Material to process ▸
▼
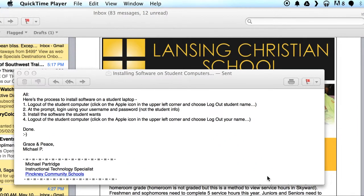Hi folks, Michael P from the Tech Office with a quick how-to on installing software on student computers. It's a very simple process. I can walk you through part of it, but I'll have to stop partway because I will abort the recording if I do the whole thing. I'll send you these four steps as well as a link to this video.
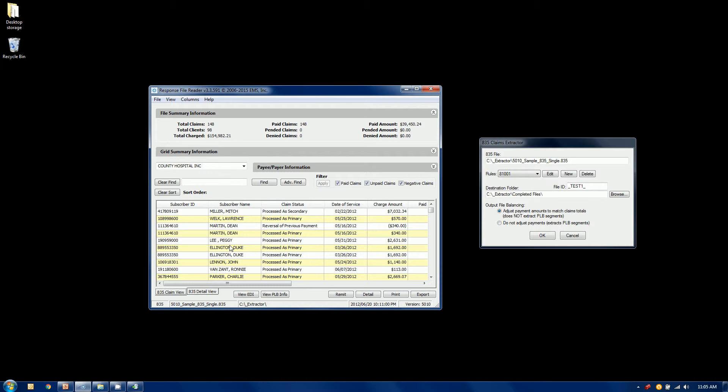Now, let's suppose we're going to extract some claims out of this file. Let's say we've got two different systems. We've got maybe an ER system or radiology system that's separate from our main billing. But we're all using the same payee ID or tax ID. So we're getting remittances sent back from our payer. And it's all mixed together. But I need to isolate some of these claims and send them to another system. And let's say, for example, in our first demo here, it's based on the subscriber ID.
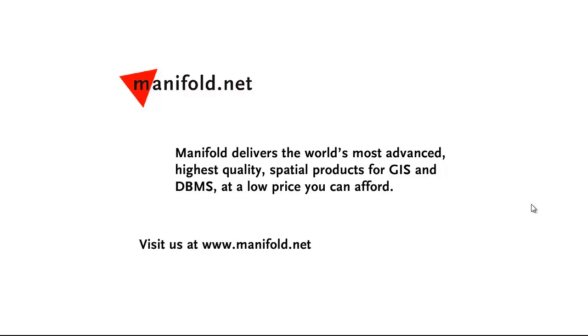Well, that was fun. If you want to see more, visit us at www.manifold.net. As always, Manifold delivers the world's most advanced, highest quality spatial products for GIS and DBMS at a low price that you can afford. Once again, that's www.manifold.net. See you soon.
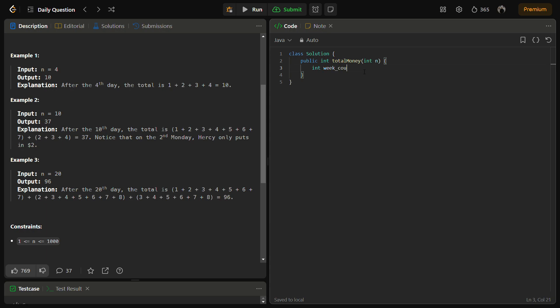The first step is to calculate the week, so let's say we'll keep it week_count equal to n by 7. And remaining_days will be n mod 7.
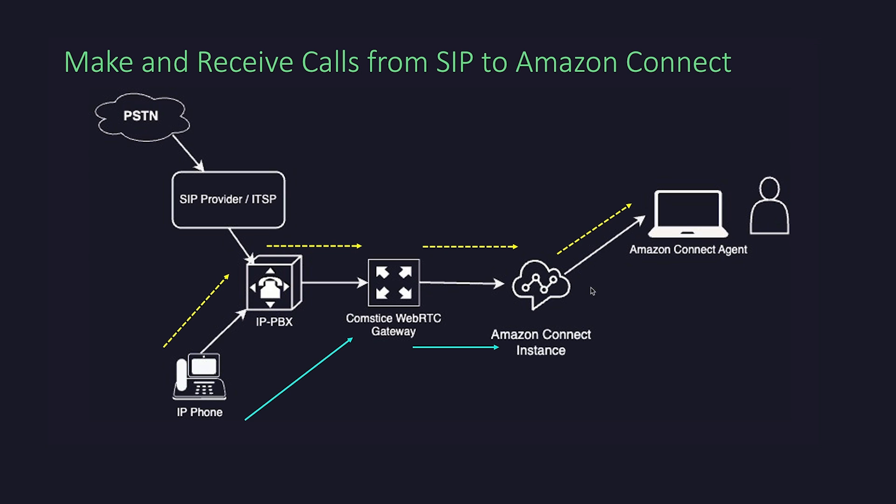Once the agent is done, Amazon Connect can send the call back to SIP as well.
▲
▼
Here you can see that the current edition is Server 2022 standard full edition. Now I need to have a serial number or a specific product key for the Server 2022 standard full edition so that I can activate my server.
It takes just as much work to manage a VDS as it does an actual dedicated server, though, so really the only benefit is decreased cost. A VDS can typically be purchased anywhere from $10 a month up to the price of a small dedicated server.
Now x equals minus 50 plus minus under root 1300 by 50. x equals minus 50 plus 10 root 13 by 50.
▲
▼
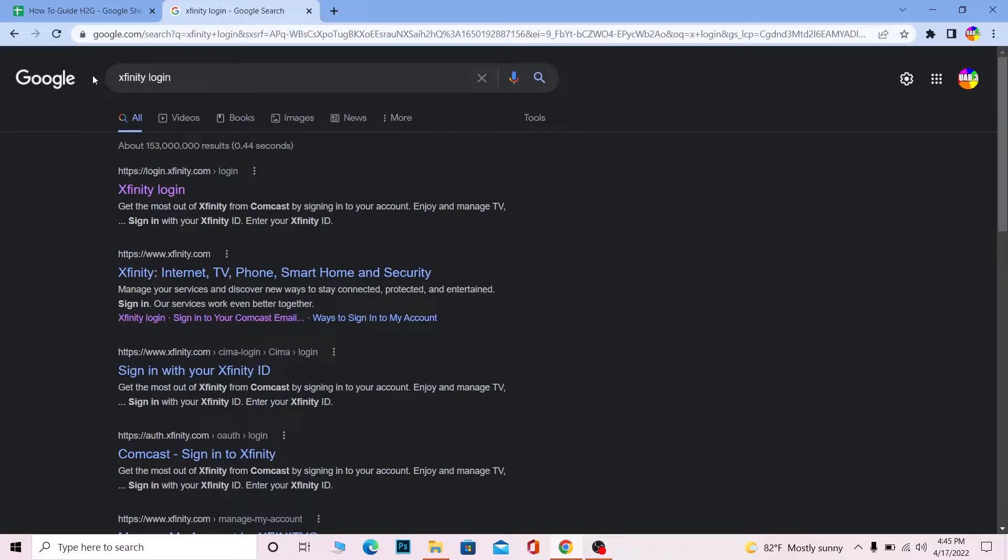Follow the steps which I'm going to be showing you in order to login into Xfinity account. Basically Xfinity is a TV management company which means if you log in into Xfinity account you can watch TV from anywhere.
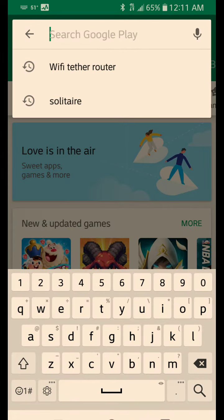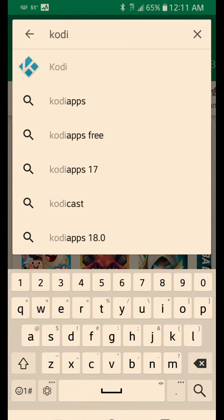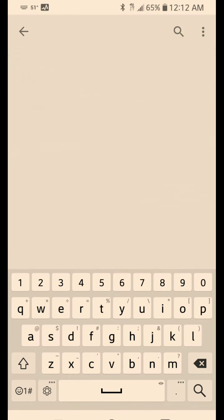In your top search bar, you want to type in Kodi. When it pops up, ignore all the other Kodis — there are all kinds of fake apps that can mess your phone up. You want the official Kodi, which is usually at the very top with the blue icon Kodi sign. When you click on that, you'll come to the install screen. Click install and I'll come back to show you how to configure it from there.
▲
Exercise requirements ▸ Starting with the line that has "Hi folks, Michael" and ending with the line that has "Now, let's suppose", repeat the lines above exactly, omitting every picture.

Response ▸
Hi folks, Michael P from the Tech Office with a quick how-to on installing software on student computers. It's a very simple process. I can walk you through part of it, but I'll have to stop partway because I will abort the recording if I do the whole thing. I'll send you these four steps as well as a link to this video.
Now, let's suppose we're going to extract some claims out of this file. Let's say we've got two different systems. We've got maybe an ER system or radiology system that's separate from our main billing. But we're all using the same payee ID or tax ID. So we're getting remittances sent back from our payer. And it's all mixed together. But I need to isolate some of these claims and send them to another system. And let's say, for example, in our first demo here, it's based on the subscriber ID.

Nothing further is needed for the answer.